We got our armed forces spread all over the country, my friends, spread all over the world, some places
under U.N. command. They're defending borders in Korea, in Kuwait, in Kosovo. What we need to do is
rebuild, re-arm and replenish that military and bring them home. And if you want to defend a border, why
don't they try defending the southern border of the United States of America!
You know -- let me close here. I don't want to use up all my time and have these microphones cut off on
me the way they were in 1996. I went 16 minutes. They finally had had it with me.
But let me tell you a story. Ollie North is a friend of mine -- you know old Ollie, the Marine. He called me
up and said, Pat, I'm going to have you on my TV show. I want to tell you what I'm going to ask you. My
first question's going to be, what's the first thing you're going to do as president?
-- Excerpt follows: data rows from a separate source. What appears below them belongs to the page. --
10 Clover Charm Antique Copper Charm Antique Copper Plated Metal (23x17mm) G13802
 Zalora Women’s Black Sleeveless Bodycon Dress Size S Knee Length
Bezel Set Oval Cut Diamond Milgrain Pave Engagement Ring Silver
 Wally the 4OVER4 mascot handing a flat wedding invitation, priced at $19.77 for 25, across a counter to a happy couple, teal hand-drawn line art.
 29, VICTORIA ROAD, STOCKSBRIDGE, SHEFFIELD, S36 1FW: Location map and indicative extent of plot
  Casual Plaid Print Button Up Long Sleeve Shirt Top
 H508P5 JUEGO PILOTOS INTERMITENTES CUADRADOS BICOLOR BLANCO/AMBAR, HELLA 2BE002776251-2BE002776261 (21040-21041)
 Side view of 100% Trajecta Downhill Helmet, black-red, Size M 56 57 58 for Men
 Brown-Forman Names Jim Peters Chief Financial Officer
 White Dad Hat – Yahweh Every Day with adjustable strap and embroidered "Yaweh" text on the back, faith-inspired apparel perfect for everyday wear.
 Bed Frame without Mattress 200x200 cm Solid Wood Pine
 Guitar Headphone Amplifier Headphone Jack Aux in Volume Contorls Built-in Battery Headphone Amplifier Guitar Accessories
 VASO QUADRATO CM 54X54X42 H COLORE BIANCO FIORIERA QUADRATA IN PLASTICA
So I said, Ollie, I will be ready. I do TV for a living, Ollie. I can handle that. So I went on that show with
Ollie. The first question he asked me was, what's the first thing you're going to do as president? I said, the
first thing I'm going to do, Ollie, we're going to shut down the Department of Education. Ollie said, no --
Ollie said, no, no, that's not it. I said, all right, I'm going to shut down that National Endowment for the
Arts, I'm going to fumigate the building and put the IRS in there. And Ollie said, no, the first thing you do
when you're up there on the inaugural stand.
I said, well, I got to deliver my inaugural speech, but, Ollie, when I raise my hand to take that oath of
office, I'm the chief law enforcement officer of the United States, aren't I? He said, that's right.
I said, if I'm the chief law enforcement officer of the United States, I guess the first thing I'd have to do is
turn to Bill Clinton and said, sir, you have a right to remain silent, you have a right to have an attorney
present.
Let me say it has been wonderful to be here. It's a great event, and we were here in '96. We had a
wonderful time. The Buchanan Brigades are over there, and wonderful folks from these other folks in the
campaign, and I'm proud and honored to be here. And I've had a long, good career in politics, and I just
thought tonight that I would want to leave with a thought that I remember reading in Teddy White's book
that Jack Kennedy said.
He quoted Lincoln in the final days -- final days of his campaign in 1960 when he came out on the porch in
some place in Connecticut, and he quoted Lincoln. And I want to say this especially to my wonderful folks
over there in the Brigades. He said, I know there is a God and I know he hates injustice. I see the storm
coming and I know His hand is in it. But if there is a place and a part for me, I believe that I am ready.
God bless you and God bless the U.S.A.